INPUT DATA:
=== Begin Enclosure ===
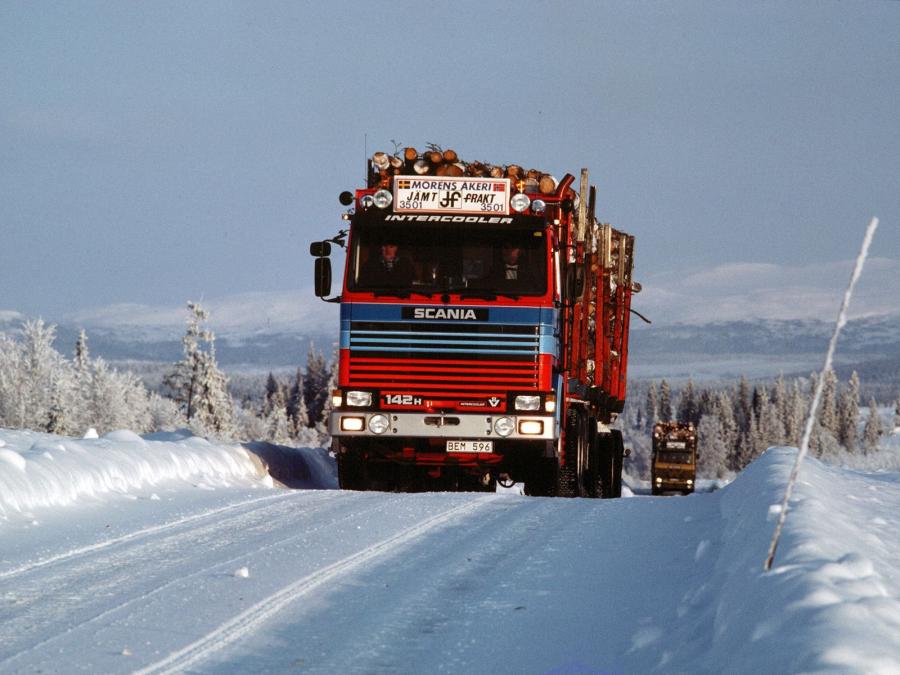  Scania 142H 6x4 Timber Truck 1981 года  (фото 1 из 1)
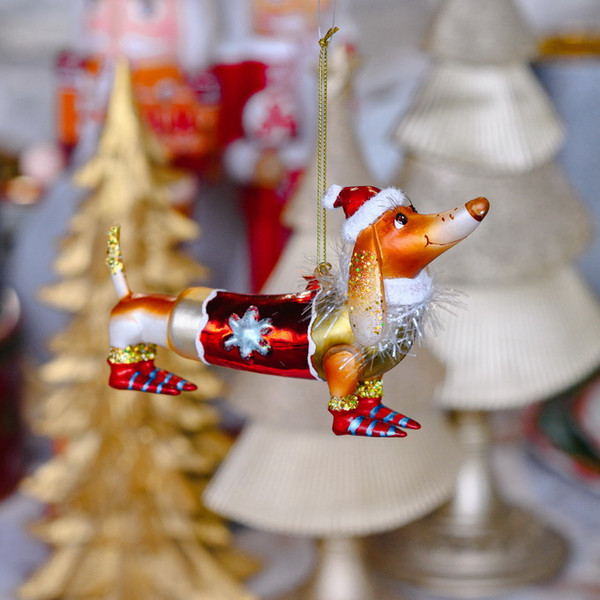 Елочная игрушка Vondels Такса рыжая в шапке / 2152250150016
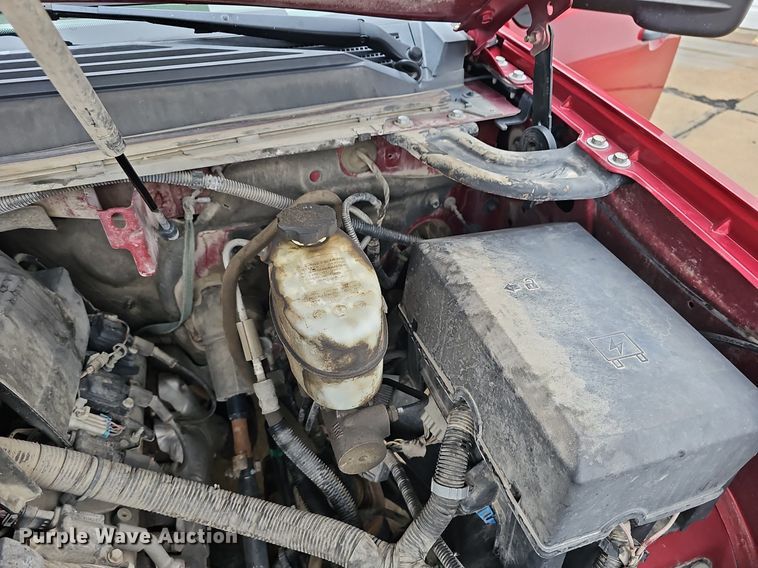 image for item DR5975 2013 Chevrolet Suburban  SUV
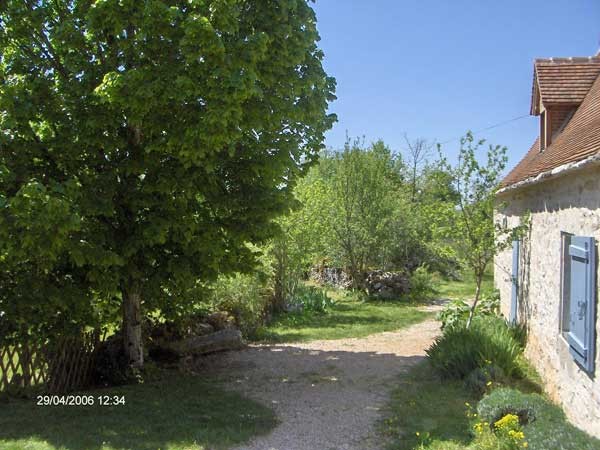 La facade sud (avant) de la maison - The south side in front of the house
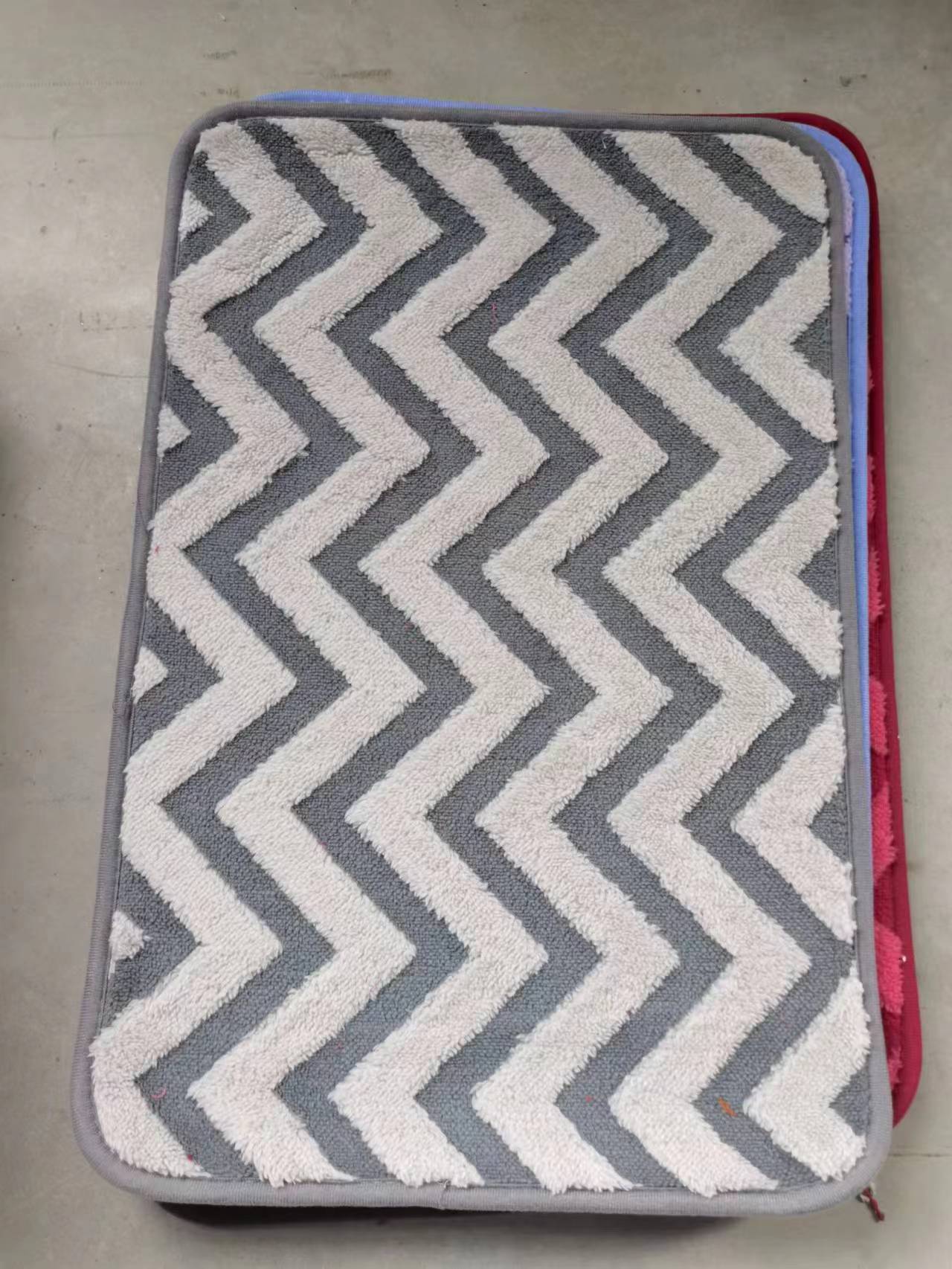 Chevron-Muster Rutschfeste Badematte Brehn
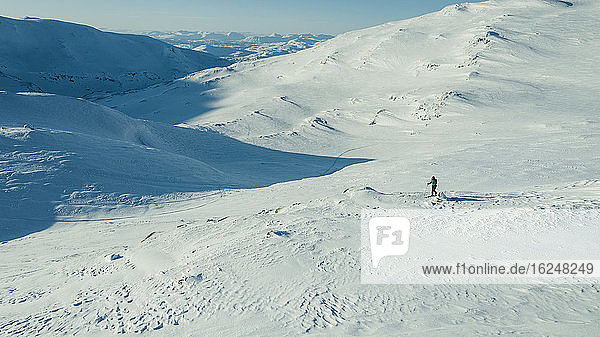 Skifahrer in den Bergen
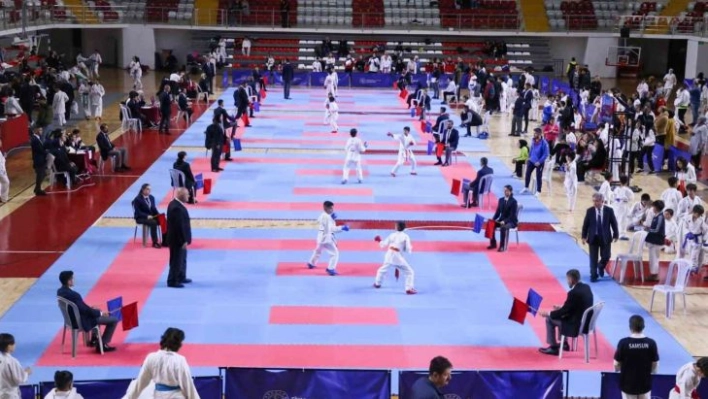 7. Cumhuriyet Kupası iller arası karate turnuvası Sivas'ta başladı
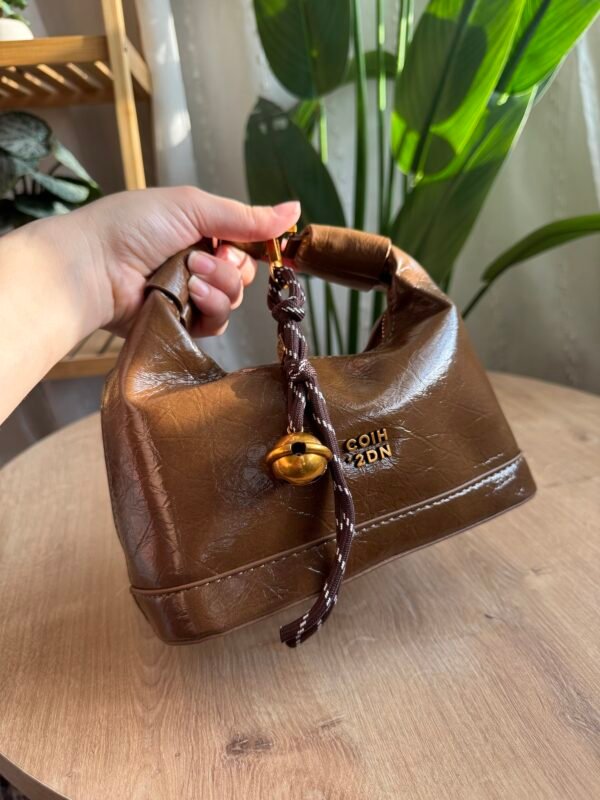 حقيبة مميزه بلون زيتوني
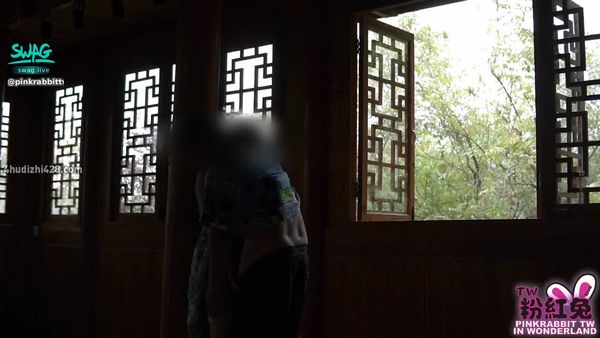 自古至今阁楼销魂 兔兔趁老公不在家勾引猛男狂操内射 逼都操翻精液溢出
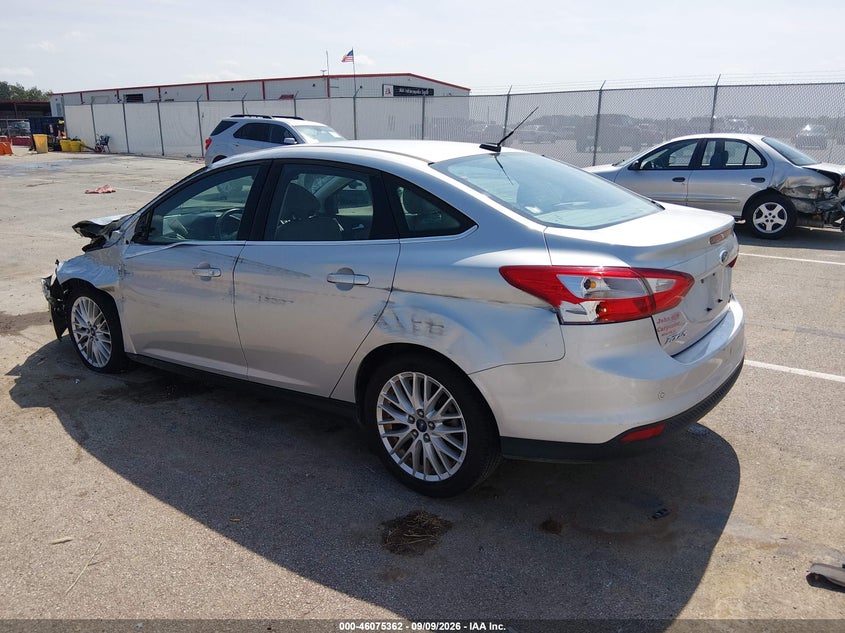 Vin: 1fahp3h24cl461832, lot: 46574909, ford focus sel 20123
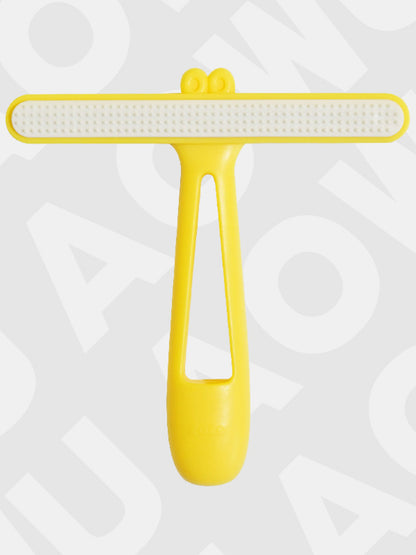 Portable Plastic Pet Hair Remover Brush – Lightweight Grooming Brush for Dogs & Cats – view 13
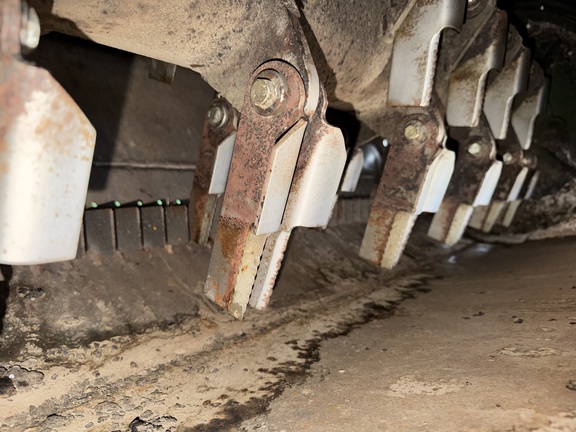 2013 John Deere S680 - Photo18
=== End Enclosure ===
PROBLEM STATEMENT: Quote, word for word and nothing more, every line from the line with "自古至今阁楼销魂 兔兔趁老公不在家勾引猛男狂操内射 逼都操翻精液溢出" to the end of the entries, including both ends; skip any pictures.

RESPONSE TO THIS EXERCISE:
 自古至今阁楼销魂 兔兔趁老公不在家勾引猛男狂操内射 逼都操翻精液溢出
 Vin: 1fahp3h24cl461832, lot: 46574909, ford focus sel 20123
 Portable Plastic Pet Hair Remover Brush – Lightweight Grooming Brush for Dogs & Cats – view 13
 2013 John Deere S680 - Photo18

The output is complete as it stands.